# YOUR GOAL
Write out an exact copy of the line containing "4 Pcs Lice Combs, Flea" and all lines that follow it in the data below, leaving out pictures.

# RECORDED INFORMATION
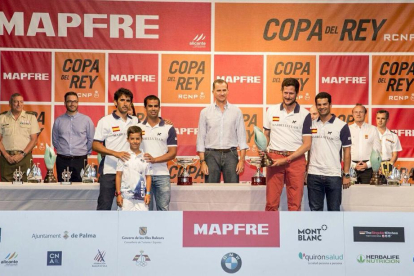 Joan Fargas gana la Copa del Rey Mapfre con tan sólo nueve años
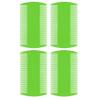 4 Pcs Lice Combs, Flea Combs, Double Sided Headlice Combs, Headlice Treatment for Dogs, Cats (Green) view 1
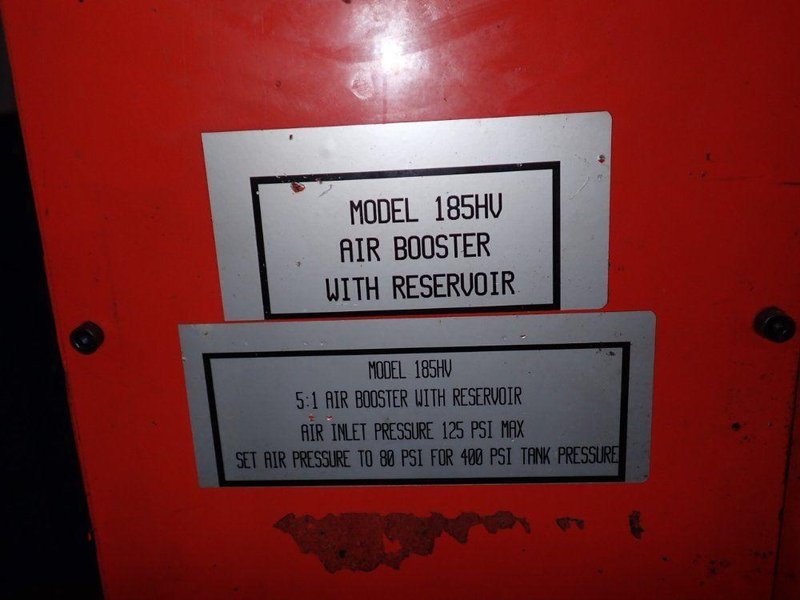 AIR BOOSTER   -  185V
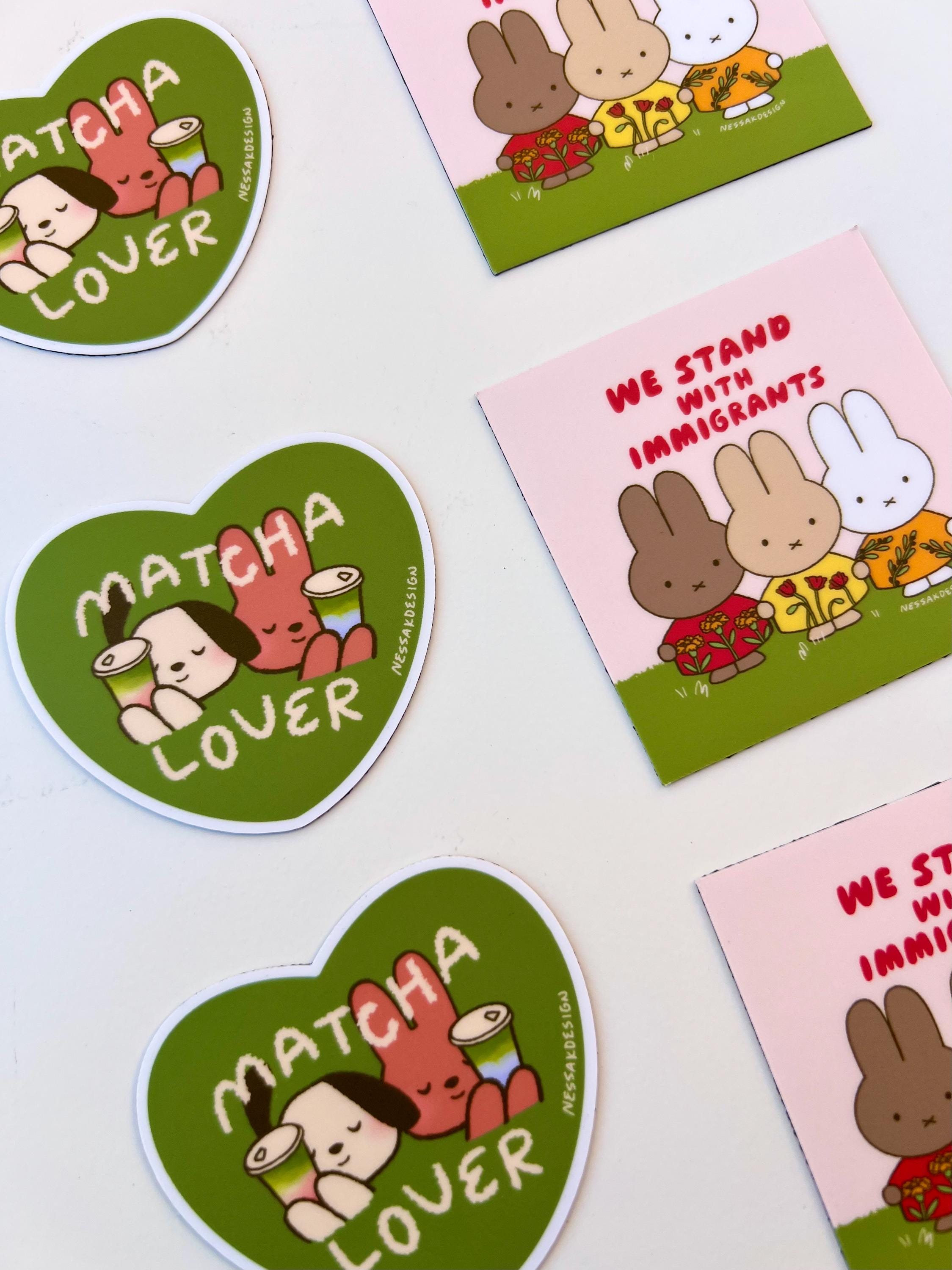 Vinyl magnets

# YOUR RESPONSE
 4 Pcs Lice Combs, Flea Combs, Double Sided Headlice Combs, Headlice Treatment for Dogs, Cats (Green) view 1
 AIR BOOSTER   -  185V
 Vinyl magnets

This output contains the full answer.